Consciousness and free will go together like inhaling and exhaling, like mammals and sexuality, like chickens and eggs. Like birth, life, and death, consciousness and free will represent a practical combination of attributes necessary for the balanced functioning of a real (as opposed to theoretical) evolving system.
Our free will does not need to come from some theoretical consideration or independent process — it is simply part of the system, inherent to the existence and processes of evolving consciousness. The rule-set that defines our local reality must necessarily express free will because that is how choice-making evolving consciousness operates. If one conceives of free will as being theoretically derived from some independent random process, a circular logic trap is created. Recall Chapter 18, Book 1 where we discussed the PMR belief that everything must be caused by something else (no beginnings are allowed). This belief logically forces us to account for the independent existence of the egg before we can allow the possibility of the chicken — or vice versa. So, which came first, the chicken or the egg? The question itself carries the assumption of a causality that eliminates the possibility of a constructive logical answer. From a larger perspective, the answer is obvious; It is clear that neither came first they evolved together — just like consciousness and free will.
The appearance of a logical problem is created by an illogical question. Don’t get caught up unproductively in the chicken vs. egg logical tail chase.

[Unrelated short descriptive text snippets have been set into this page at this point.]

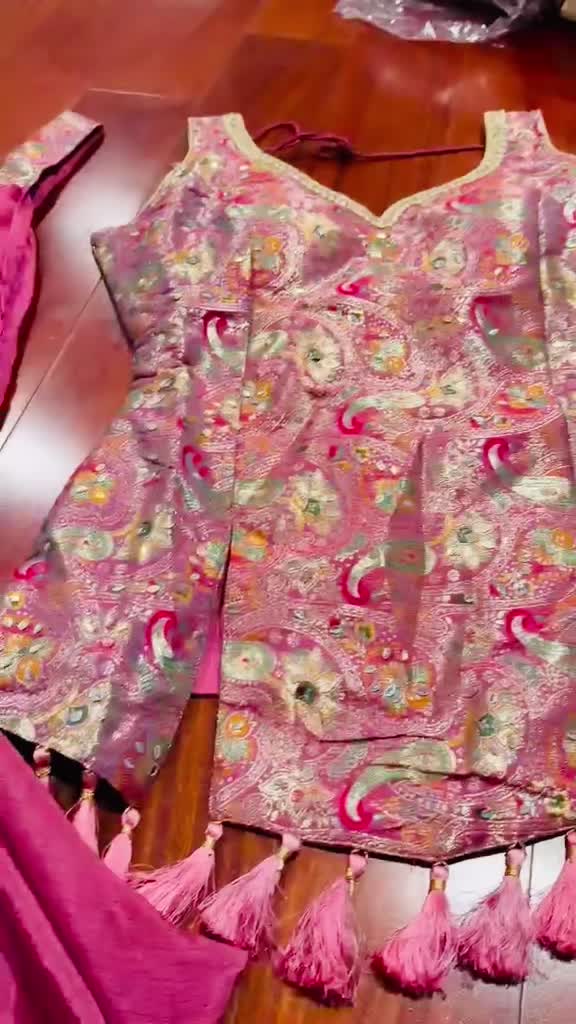 Pink Paisley Kurti Set with Tassel Hem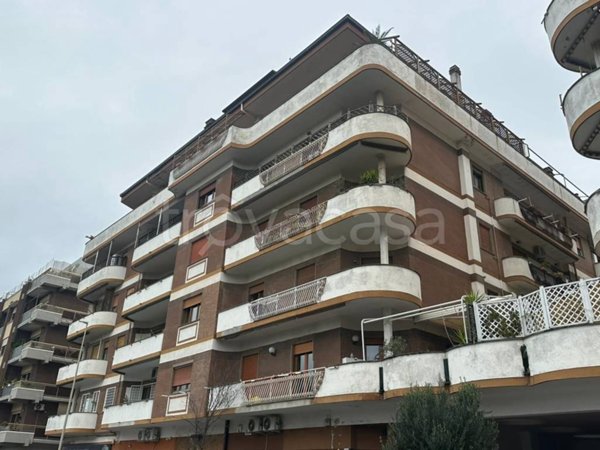 appartamento in vendita a Roma in zona Ostia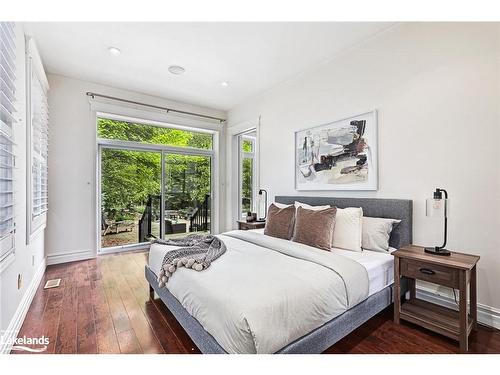 112 Cortina Crescent, The Blue Mountains, ON - Indoor Photo Showing Bedroom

It may appear to be a great mystery, but is only a misguided question based upon a poor understanding of the logical requirements of beginnings and the inappropriate application of the little picture’s objective causality (see Chapter 18, Book 1).
Scientists, philosophers, and theologians should resist looking for a process that creates free will, or equivalently, eliminates determinism. That bucket has a hole in it. Free will does not have to be constructed out of smaller parts, or derived through a controlled analytic process — that represents a typically PMR little picture misunderstanding based upon a belief in causal processes that cannot logically support beginnings. Chickens before eggs? Eggs before chickens? Do you see the flawed logic that makes these questions appear deep instead of dumb? It is a similarly flawed logic that supports the concept of determinism by evoking a little picture causality that is devoid of an appreciation of a larger reality which is based upon dynamically evolving consciousness.
So, which came first — consciousness or free will? Do we conclude from our little picture logic that neither can exist? That sums up the position of contemporary science and philosophy: Mind is nothing beyond physical brains and biochemistry, all reality is physical, and all information is theoretically knowable and eventually predictable. That these beliefs run counter to the carefully collected data of everyday experience, are inconsistent with each other, and do not make good scientific sense is conveniently overlooked to appease the demands of little picture causality in particular, and scientific dogma in general.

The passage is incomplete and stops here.